Chicken guano (droppings) is rich in many of the elements already used in doping graphene, mainly nitrogen and phosphorus, so its use is justified by more than just shock value. To test how effective bird droppings are as a dopant, the researchers prepared the graphene both by established protocol and also with added guano. When they checked the graphene’s appearance and chemical structure, they found no significant difference between the non-doped and guano-doped graphene. Scanning electron microscopy (SEM) showed the graphene flakes have the same physical structure (Figure 2A), while X-ray photoelectron spectroscopy (XPS) was used to confirm that the chemical structure was nearly identical between the non-doped and guano-doped samples (Figure 2B).
Concluding that the literal “crap” they added to the graphene didn’t change its structure, the only thing left to do was test the electrocatalytic properties of the guano-doped graphene. To do this, they used linear sweep voltammetry.
First, they tested the performance of the graphene in two classic reactions in electrochemistry: the oxygen reduction reaction (ORR) and the hydrogen evolution reaction (HER). In the oxygen reduction reaction (Figure 3A), as the potential was made negative (looking from right to left), the graphene samples doped with the guano started reacting first, showing that they had lower onset potentials than the non-doped graphene. The hydrogen evolution reaction (Figure 3B) showed similar results, with the guano-doped samples requiring smaller onset potentials, as well.
Overall, this means that the doped graphene requires less energy to kickstart an electrochemical reaction than the non-doped graphene. Just like all of the other carefully studied and combined recipes of doped-graphene, simple bird droppings improved the electrocatalytic properties of the graphene.
After showing how well their “crap” graphene performed, the authors dryly add that, in the future, the exact ratio of the dopants in the guano could be controlled by changing the feed the chickens are given before it’s made.

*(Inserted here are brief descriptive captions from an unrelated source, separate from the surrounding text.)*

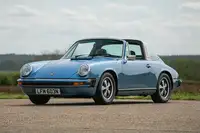 1975 Porsche 911S Targa-Sold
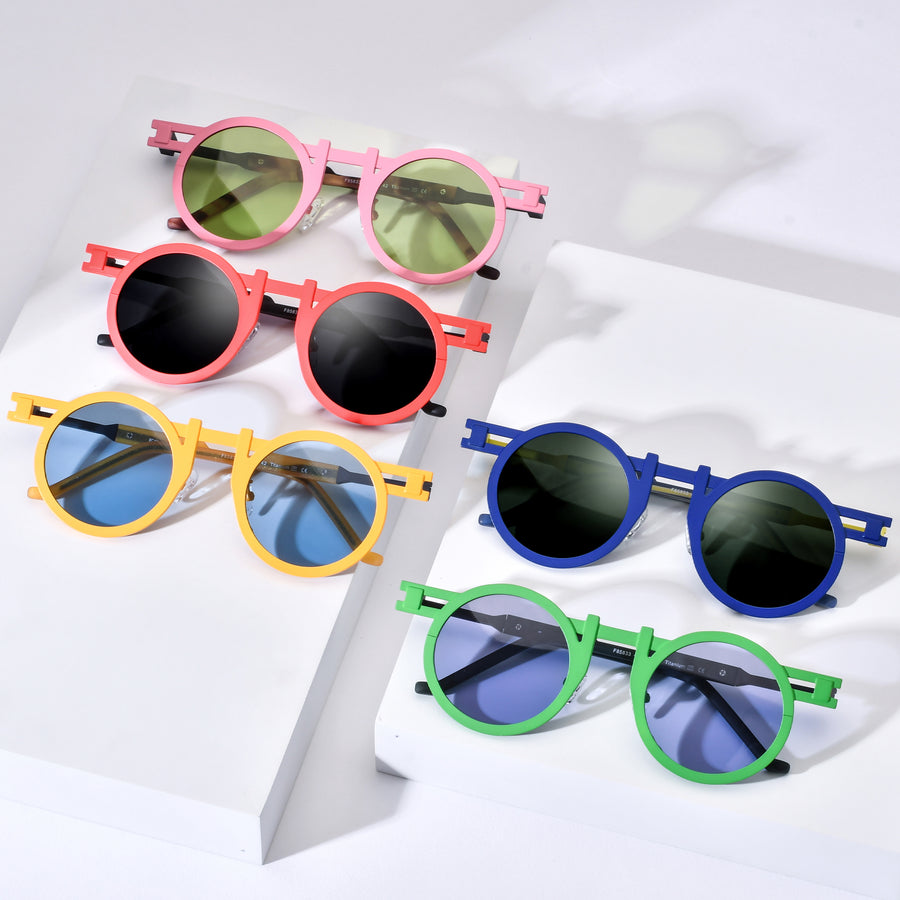 Round Sunglasses BRS1158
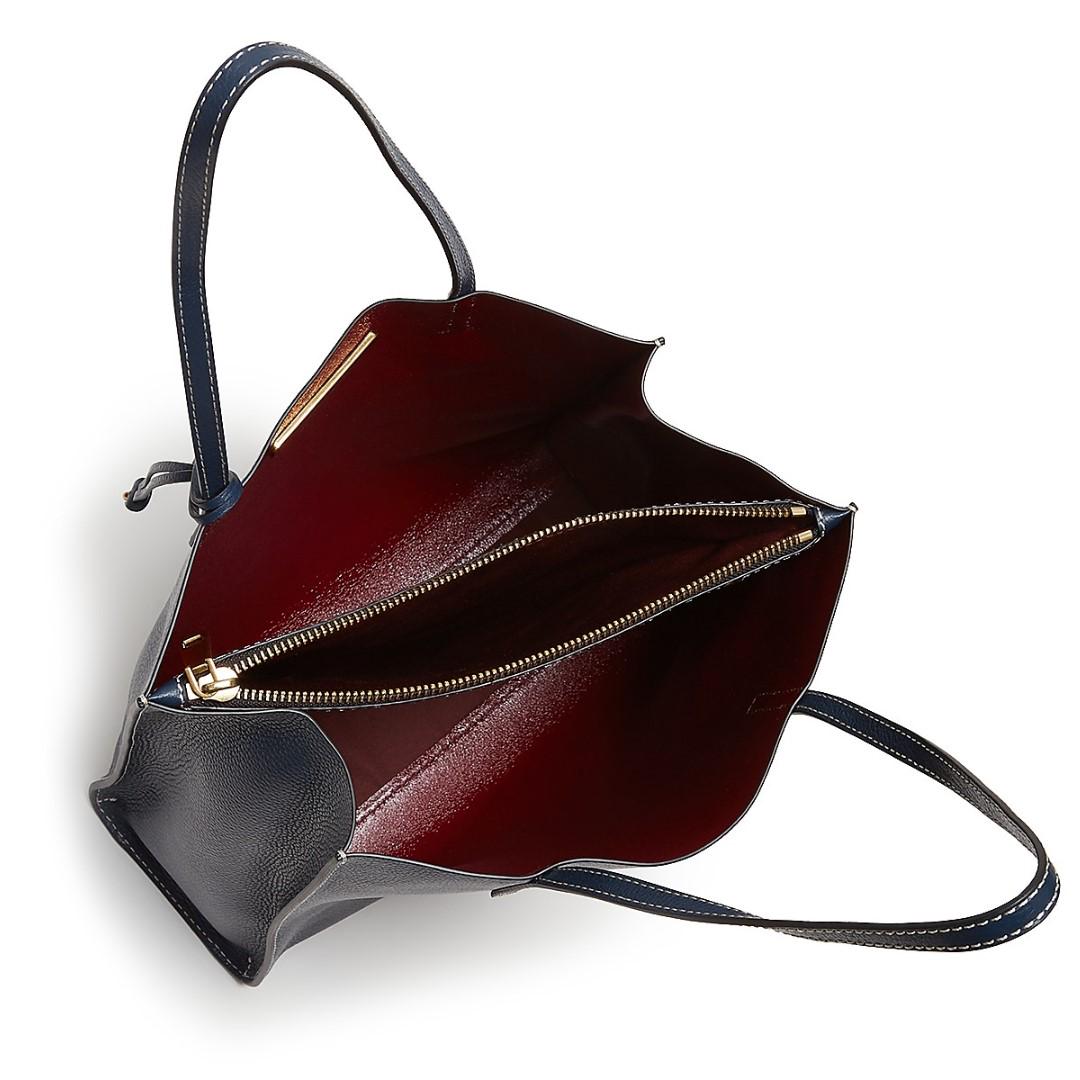 Marc jacobs east west leather tote outlet
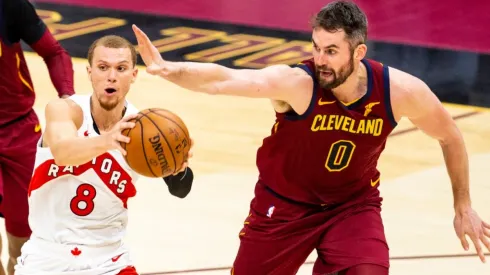 Kevin Love, ala-pívot de Cleveland Cavaliers
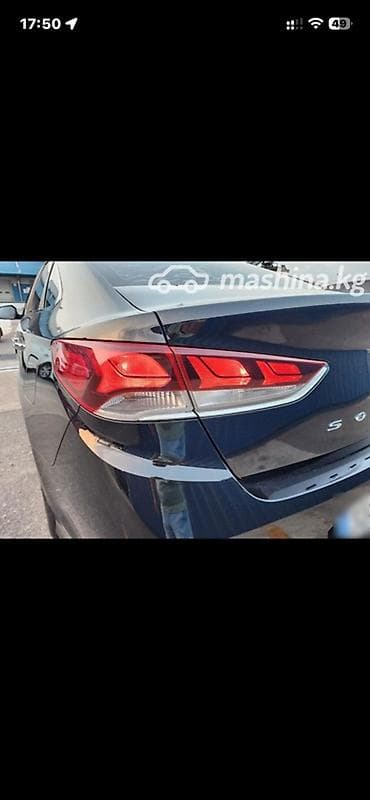 Унаа сатуу: Hyundai Sonata: 2017 г., 2 л, Автомат, Газ, Седан — 8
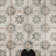 D'Anticatto Decor Florence 9" x 9" Porcelain Patterned Wall & Floor Tile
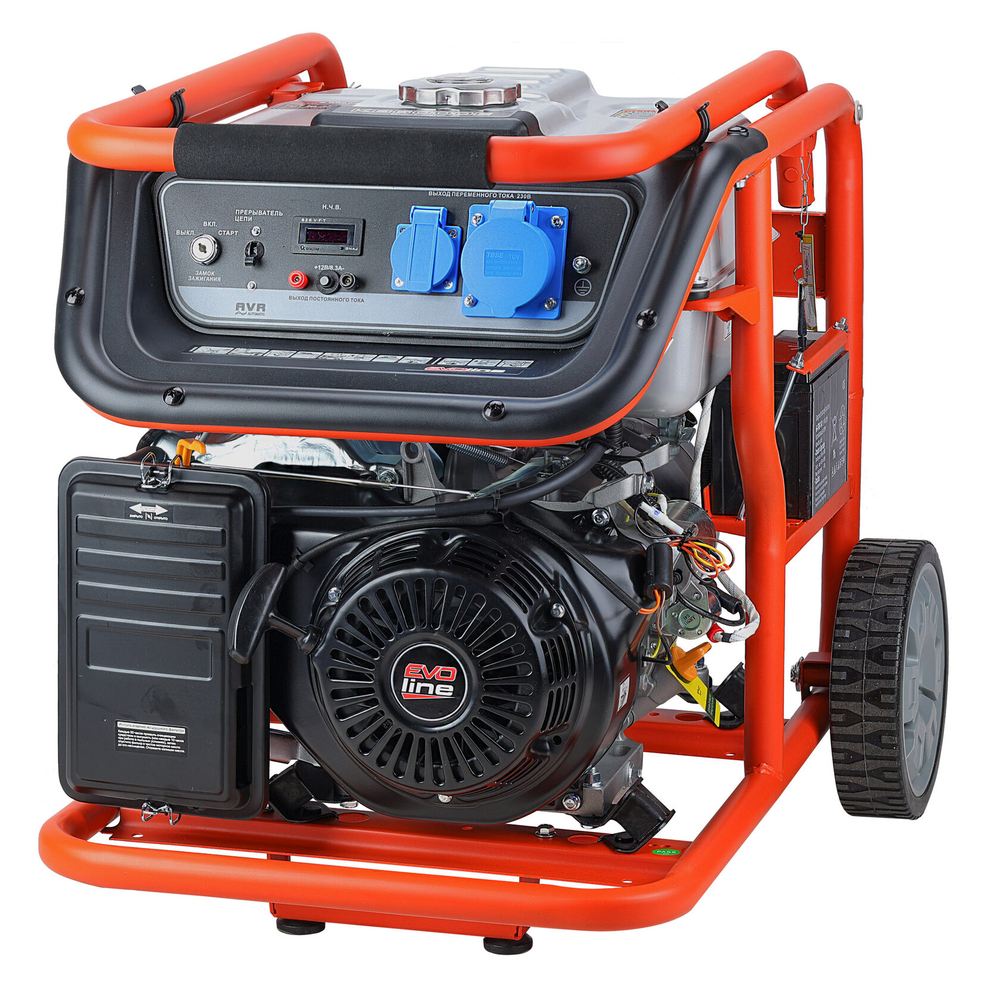 Генератор бензиновый EVOline KB 6000 E
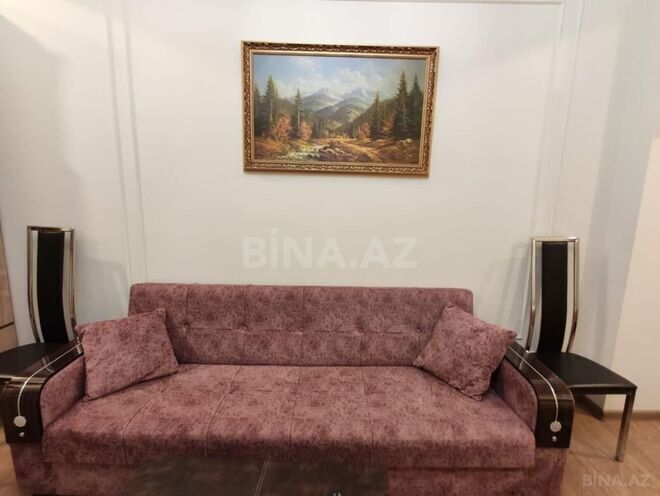 İcarəyə verilir 1 otaqlı yeni tikili 40 m², Gənclik m., photo 6 from 15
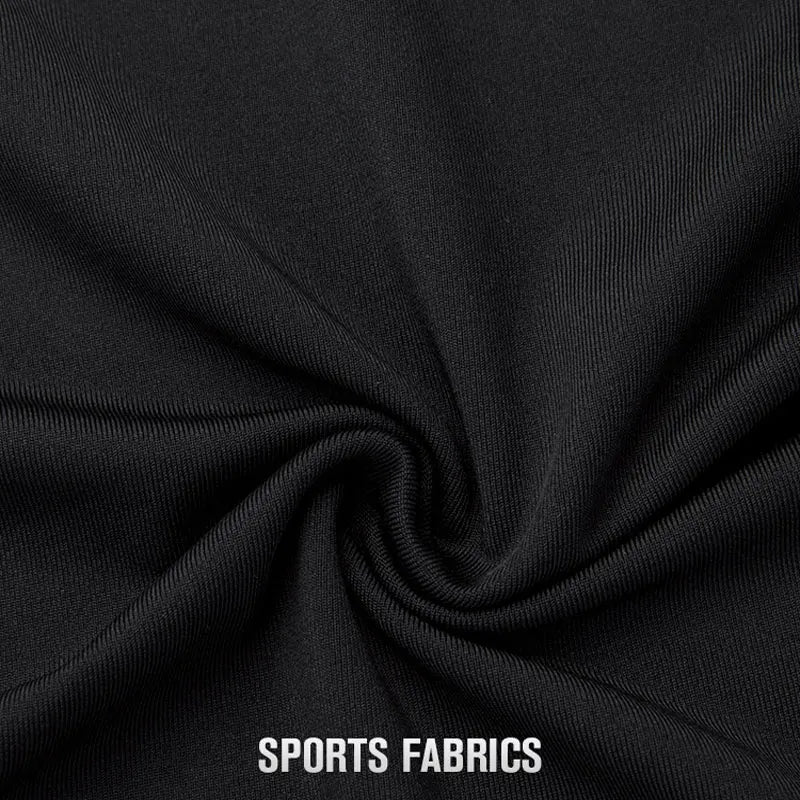 Men's 2PCS Compression Sportswear Set Short Sleeve T Shirt Shorts Gym Fitness Running Training Athletic Outfit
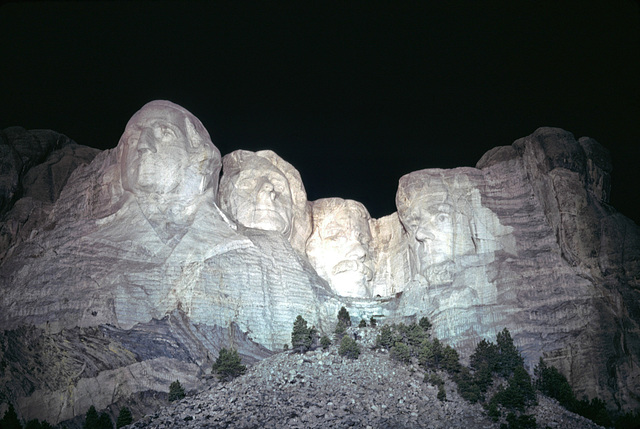 Mount Rushmore #2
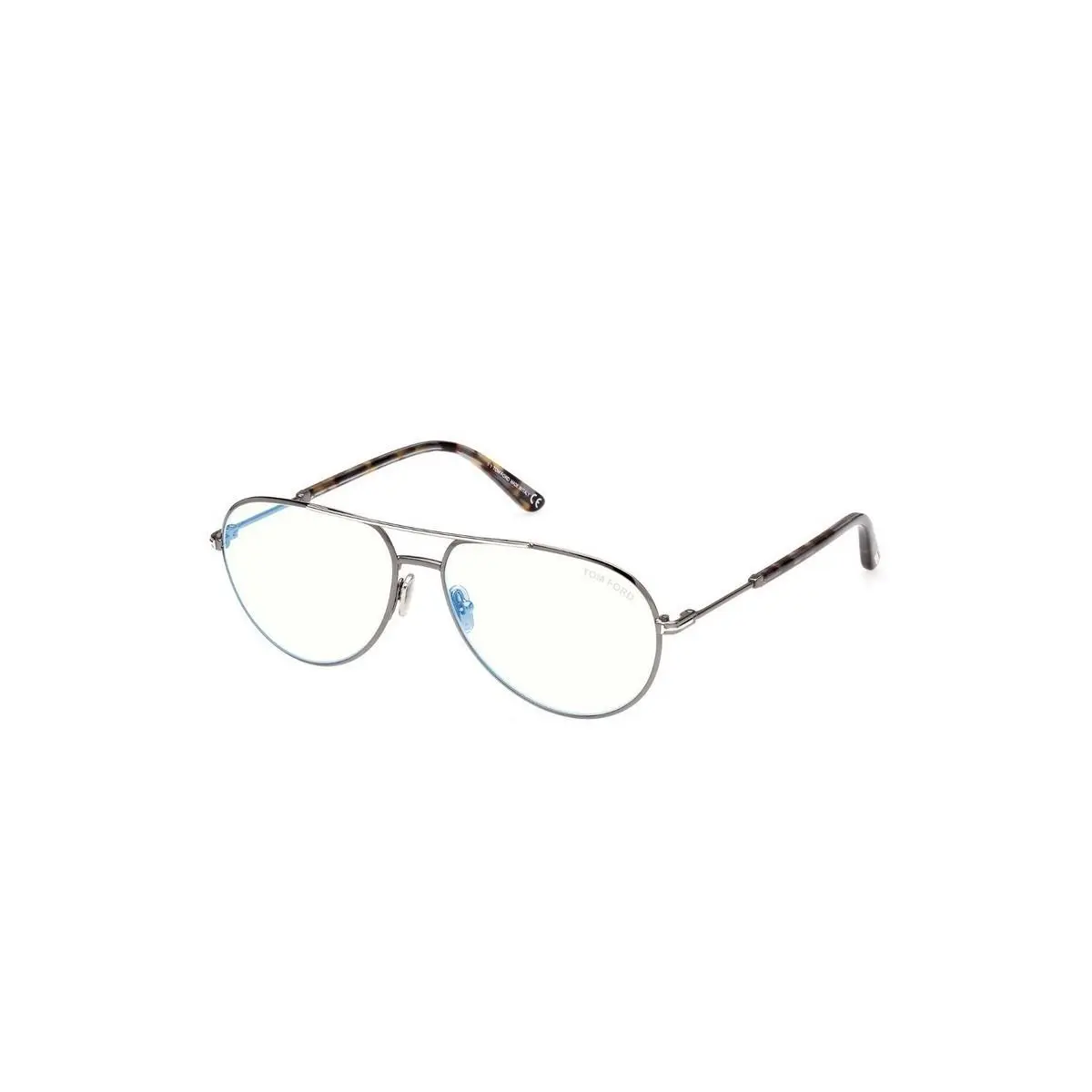 Eyeglasses FT5829-008-57 Size 57/14/aviator W Case by Tom Ford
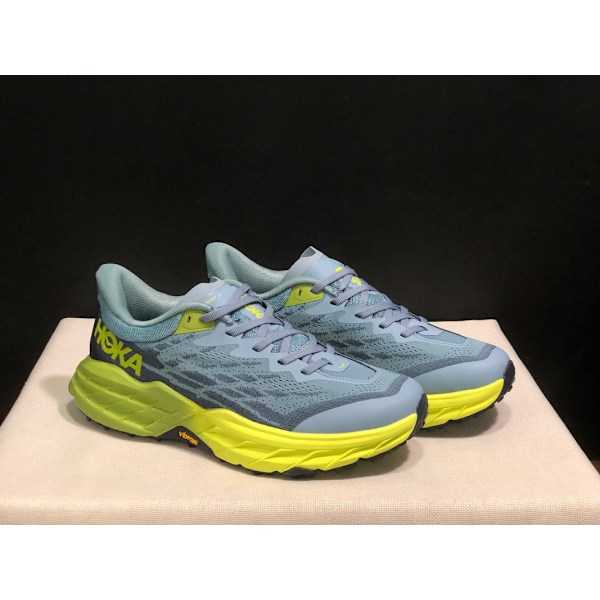 Speedgoat 5 Textil Dam Herr Skor Löparskor Sneakers grön 45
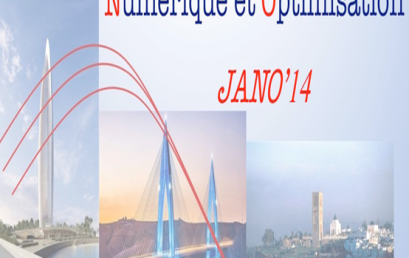 Journées d’Analyse Numérique et Optimisation – JANO’14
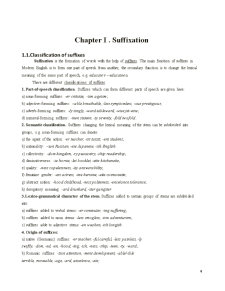 Prefixation and Suffixation în Modern English - Pagina 4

For all its importance in the past as a hugely popular fertilizer, guano has gone out of favor. With the rise of synthetic fertilizers, people just don’t need bird excrement as much as they used to. Although these authors’ (very tongue-in-cheek) vision of guano becoming a highly sought-after material for electronics may not come to light, their experiments make a bold point about the current direction of the field. So now that the ultimate graphene has been shown to be literal bird crap, the authors of this paper politely ask that researchers find a newer, more fertile area of research to focus on.